Morsi has been held since at an undisclosed military facility and is being investigated on allegations that he and other Muslim Brotherhood leaders conspired with the Palestinian Hamas group in the neighboring Gaza Strip to escape from prison during the anti-Mubarak uprising.
That allegation was raised again in court on Saturday by defense lawyers who suggested that Hamas militants were behind the attacks on prisons and police stations in the northern Sinai Peninsula, which borders Gaza.
Mubarak, who ruled over the Arab world’s most populous country for nearly 30 years, grinned and waved at supporters as he was pushed in his wheelchair into the defendants’ courtroom cage on Saturday.
Unlike previous court sessions, in which the former president was lying on a gurney, Mubarak appeared healthier and more confident as he sat upright in what was his second court appearance since his release from a prison hospital last month.
He remains in detention at a military hospital pending corruption charges.

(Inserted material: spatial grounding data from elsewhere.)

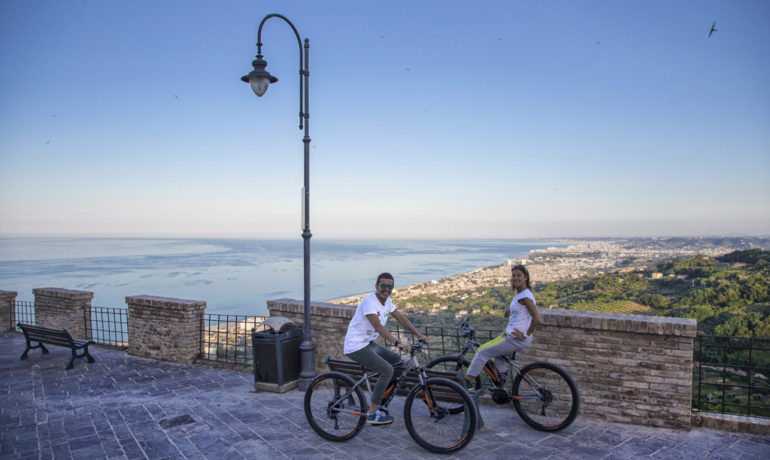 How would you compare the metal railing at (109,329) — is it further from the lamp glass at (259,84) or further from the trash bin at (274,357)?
the lamp glass at (259,84)

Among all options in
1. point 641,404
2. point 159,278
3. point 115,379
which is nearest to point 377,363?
point 641,404

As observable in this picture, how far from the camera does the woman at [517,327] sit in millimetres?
4754

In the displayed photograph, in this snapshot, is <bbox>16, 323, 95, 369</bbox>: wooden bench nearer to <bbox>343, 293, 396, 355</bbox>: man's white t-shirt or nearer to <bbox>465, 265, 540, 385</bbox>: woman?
<bbox>343, 293, 396, 355</bbox>: man's white t-shirt

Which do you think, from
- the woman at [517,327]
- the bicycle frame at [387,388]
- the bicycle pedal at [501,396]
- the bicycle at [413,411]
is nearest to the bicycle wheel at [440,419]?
the bicycle at [413,411]

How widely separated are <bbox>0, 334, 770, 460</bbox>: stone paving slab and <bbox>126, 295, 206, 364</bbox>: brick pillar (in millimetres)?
1613

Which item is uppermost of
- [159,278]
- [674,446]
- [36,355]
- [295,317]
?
[295,317]

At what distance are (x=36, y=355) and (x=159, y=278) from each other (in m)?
83.1

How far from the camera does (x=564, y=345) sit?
5.43 m

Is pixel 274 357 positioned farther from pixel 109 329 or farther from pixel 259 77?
pixel 109 329

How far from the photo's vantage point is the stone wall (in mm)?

Judge Mahmoud el-Rachidi ordered a media blackout of the next three court sessions scheduled to run from Oct. 19 until Oct. 21, citing national security reasons.
The sessions will include testimonies from ex-police chief Ahmed Gamal Eddin and ex-intelligence czar Murad Muwafi, who was also a governor in Sinai during the 18-day uprising in 2011.
In the first few days of the anti-Mubarak protests, official state media tried to paint the uprising as a foreign conspiracy against Egypt and alleged that Hamas was behind the prison breaks and the killings of protesters to turn people against the regime.
There has never been a definitive accounting of who was behind the prison attacks, which saw more than 20,000 inmates escape as police tried to crush the massive protests that swept Mubarak from power.
In addition to Mubarak, six top police officials and the former interior minister, who oversaw Egypt’s feared police for more than a decade, are on trial in the case.
Mubarak’s two sons and a business associate — who is being tried in absentia — are facing corruption charges in the same case.
Also on Saturday, former Mubarak political adviser Osama el-Baz died at the age of 82.
Known as the “maestro of Egyptian foreign policy,” el-Baz was key in brokering Egypt’s peace agreement with Israel in 1979 under then Egyptian president Anwar Sadat and was also sent to lead secretive and sensitive diplomatic missions under Mubarak.
Elsewhere in Egypt, thousands of Brotherhood supporters protested in scattered rallies on Saturday to mark the one-month anniversary of the killing of more than 600 people when security forces cleared out two pro-Morsi sit-ins in Cairo.
The security raids on the encampments sparked days of bloodshed and the interim military-backed government quickly imposed a state of emergency that gives security forces broad powers to arrest. Cairo and other governorates were also put under curfew.
Security officials say the month-long nighttime curfew will likely be extended, but that it will be shorted from seven hours to five. The officials spoke anonymously in line with regulations.